T.P.

El presidente del Port de Tarragona, Santiago J. Castellà, en el centro

La asamblea general de la asociación BCL – Barcelona Catalunya Centre Logístic ha aprobado que los puertos de Barcelona y Tarragona compartan y alternen la presidencia de la entidad, un cambio que marca una nueva etapa de colaboración estratégica entre ambas Autoridades Portuarias. En este marco, el presidente del Port de Tarragona, Santiago J. Castellà, ha asumido la presidencia de BCL, hasta ahora ejercida por el presidente del Port de Barcelona, José Alberto Carbonell, que pasa a ocupar una cuarta vicepresidencia creada para reforzar la estructura de la organización.

La decisión se ha ratificado este viernes 14 de noviembre en la asamblea de socios, después de que los máximos responsables de los dos puertos presentaran la propuesta al Comité Ejecutivo, que ya había expresado su apoyo. Para Castellà, esta designación representa una oportunidad para reforzar el peso del tejido logístico y empresarial de Tarragona dentro de una asociación que agrupa a los principales actores del sector en Cataluña.

La nueva presidencia es fruto de la alianza entre las Autoridades Portuarias de Barcelona y Tarragona, orientada a impulsar una estrategia conjunta que mejore la competitividad logística de Cataluña y refuerce su posición en el Mediterráneo. Ambos puertos colaboran en proyectos como el desarrollo de autopistas ferroviarias y nuevas terminales intermodales en sus respectivos hinterlands, iniciativas que buscan consolidar una red logística moderna y eficiente.

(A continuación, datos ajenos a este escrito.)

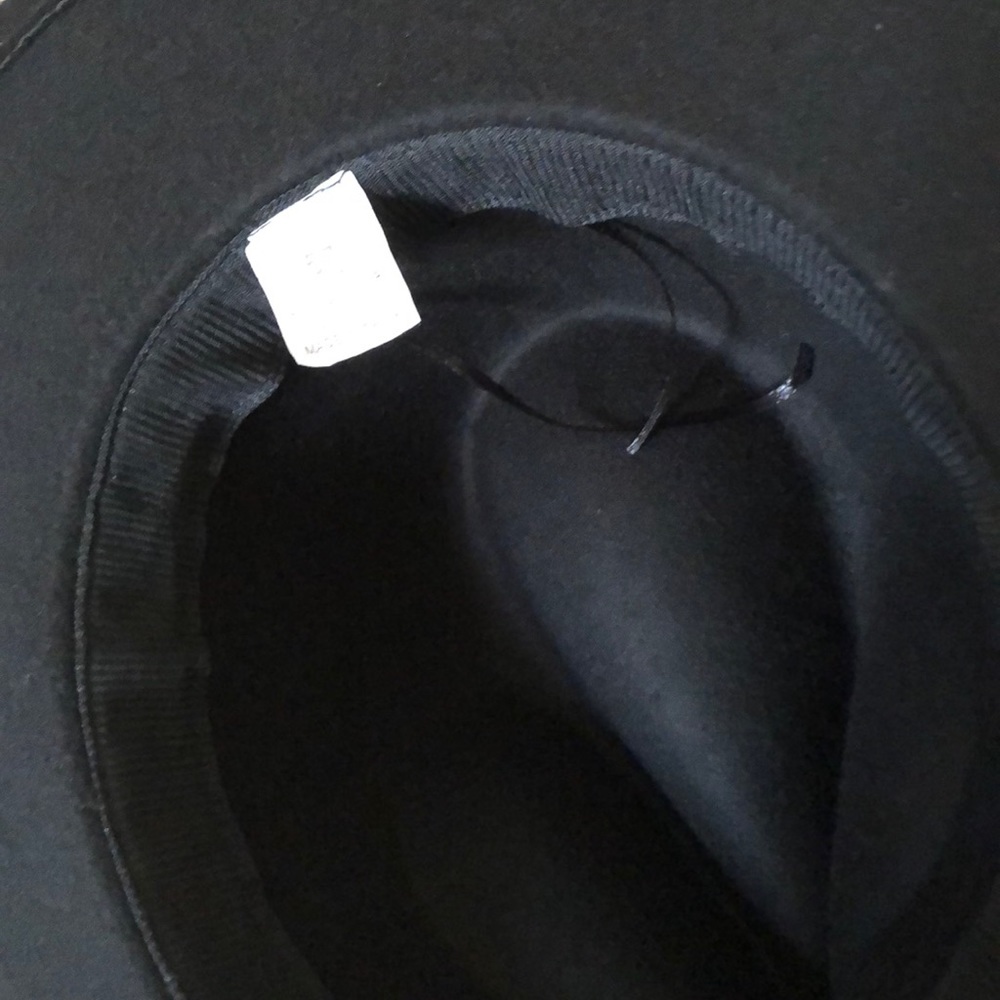 Black Fedora With Adjustable Ties Inside The Hat - image 3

Durante la asamblea, José Alberto Carbonell ha subrayado que compartir la presidencia permitirá dar visibilidad a una cooperación cada vez más estrecha, recordando que “entre los puertos de Barcelona y Tarragona solo hay 54 millas náuticas, pero nos une la voluntad de trabajar como si fuéramos una sola infraestructura al servicio del sistema logístico catalán y mediterráneo”.

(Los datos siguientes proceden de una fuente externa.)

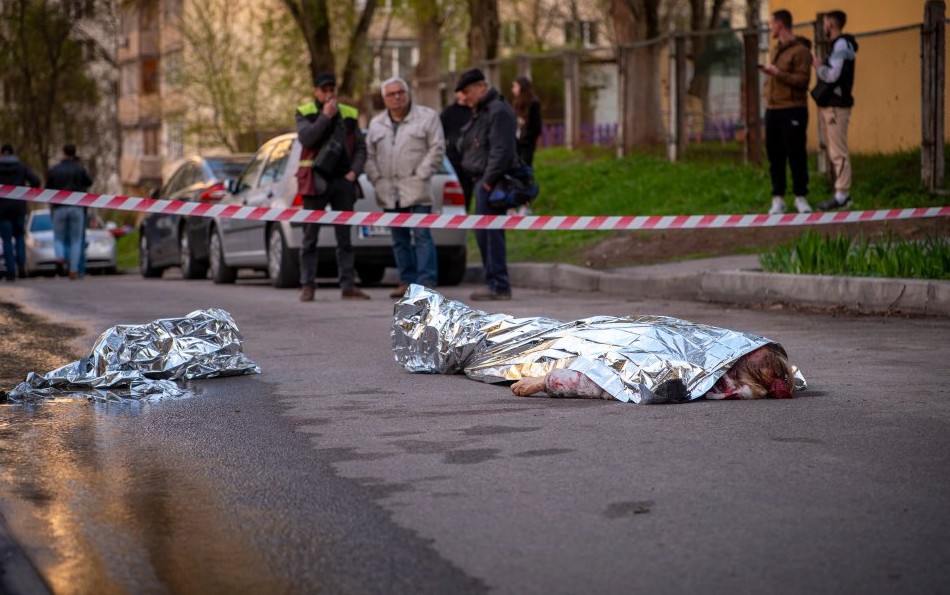 ХАОС ВО КИЕВ – Полицајци избегале среде напад, напаѓач косел има мртви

Por su parte, Santiago J. Castellà ha agradecido la confianza de los socios y ha destacado que esta etapa coincide con un momento clave para el Port de Tarragona, marcado por proyectos estratégicos como la llegada del ancho europeo, la entrada en funcionamiento de la terminal intermodal de Guadalajara–Marchamalo, el impulso a la terminal ferroviaria de La Boella, la próxima licitación de la nueva terminal multipropósito del Moll d’Andalusia y el desarrollo de la ZAL. Castellà ha señalado que estas infraestructuras situarán a Tarragona como un nodo logístico de referencia en el noreste peninsular.